Still, they have a problem. Their problem is that the truth is on our side. Their problem is that the cooperative paradigm is the better paradigm. This is why they have to keep stamping out movements whenever they pop up, because they don't want the word to get out. They don't want people to find out that a better paradigm exists.
This ties in to a related topic, that poverty is a feature not a bug of the current system. Poverty is actually a useful feature for the super rich. If you want people to do things that they would otherwise not want to do, you have to have some kind of leverage over them. You have to engineer a situation where if they refuse to do what you want them to do, then you can make them suffer. This is poverty.
If you want someone to work for long hours in an uncomfortable and unsafe factory, the alternatives have to be pretty bleak. They have to pretty much be living in abject poverty. In fact, for the rich capitalist, the more rampant poverty is, the more power he wields. If people are really poor, I'm talking on the brink of starvation poor, they can be convinced to do all kinds of horrible things for just a bit of money.
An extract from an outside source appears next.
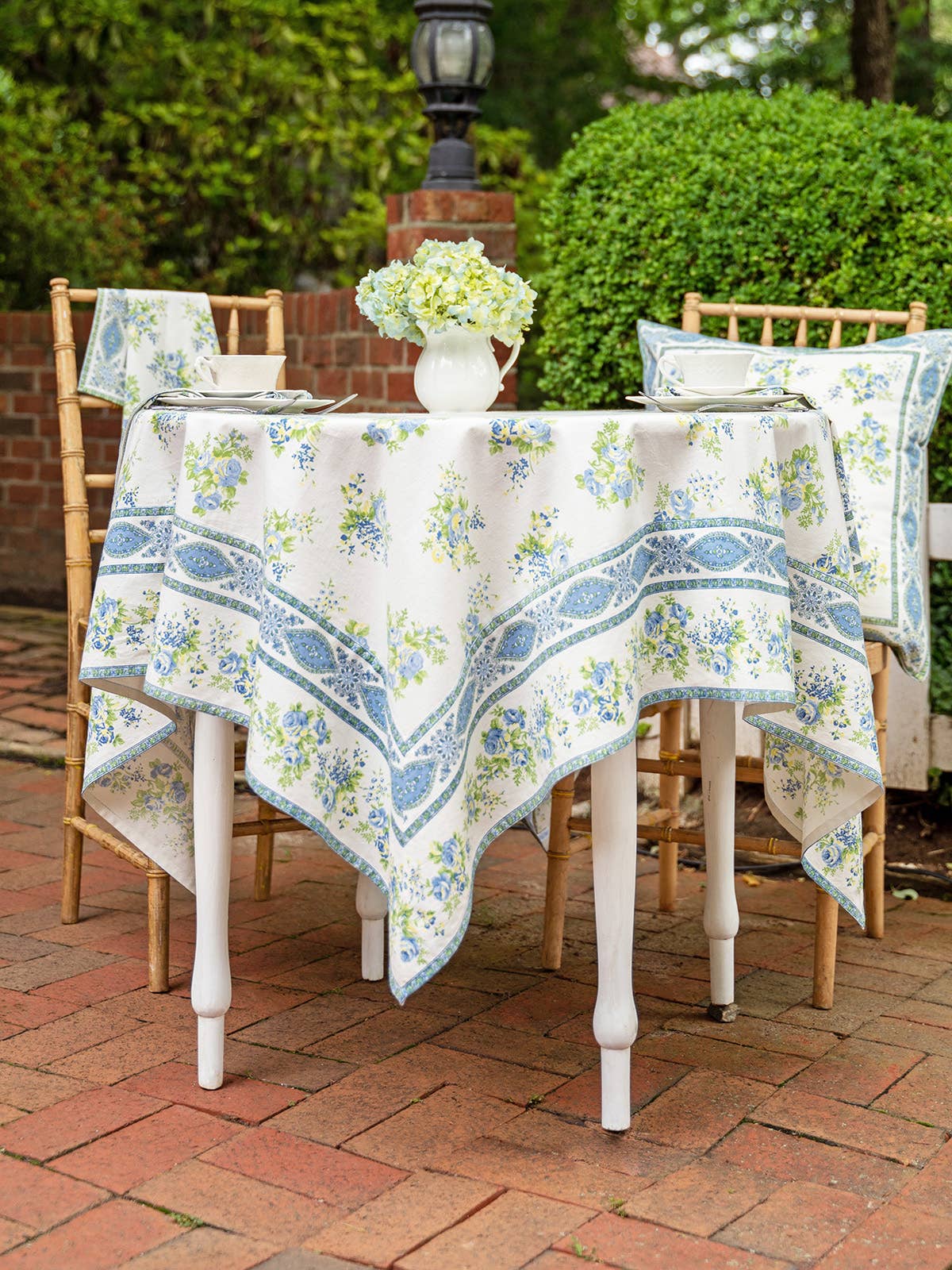 APRIL CORNELL TABLECLOTH ESTELLA BLUE 54X54"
So this is the real reason why the rulers of the world are quick to stamp out such cooperative movements. These movements threaten to undermine their leverage, their control over the people. If everyone starts taking care of everyone, it could get to the point where all the people have enough to eat and a place to sleep. Then people will not behave like slaves anymore. If people are generally satisfied and taken care of, how can they be exploited? This is the problem for the capitalists.
Their greatest fear, by far, is that some cooperative ideology could take hold of the people everywhere. It would undermine their whole power structure. Without their leverage over the poor, the rich have no power.
Having said all that, here is the bigger issue I want to address. We need to recognize where we stand. We need to recognize the mortal danger these people represent to we the people. We need to recognize how they see us, not as people but as slaves. We also need to recognize that what these people value most is power, and that any attempt to free ourselves is, to them, a direct assault on that very thing they love the most.
If we were to free ourselves. If we were able to reshape society into a cooperative one, everyone would win, but in their minds they would have lost. They would have lost their control over society, which to them is the most important thing in the world. So this is not something they will allow.
Recognize too that they have seen the world this way all along. They have always considered us to be like cattle. Their job has always been to keep us at work and focused on anything but them. They have always well understood the stakes and what could go wrong for them. They have always known that if we did figure out what is really going on, then we might rise up against them. They are well aware of this, and they have always been prepared to put us back in line, (as quietly as possible of course, so as not to upset the rest of the herd).
So the point is this, they have always been fighting against cooperative ideologies, and they are prepared now to fight us again the next time we try to rise up. In fact, they have certainly seen the shifting tides. They are aware that people are waking up, and they have been making preparations for it. They are beginning to lock down the internet. The police all over the western world have been militarized. They are working hard to take away peoples guns. These people are preparing to go full authoritarian. They are preparing to lock down all of society. The question is, are we prepared to resist when they do?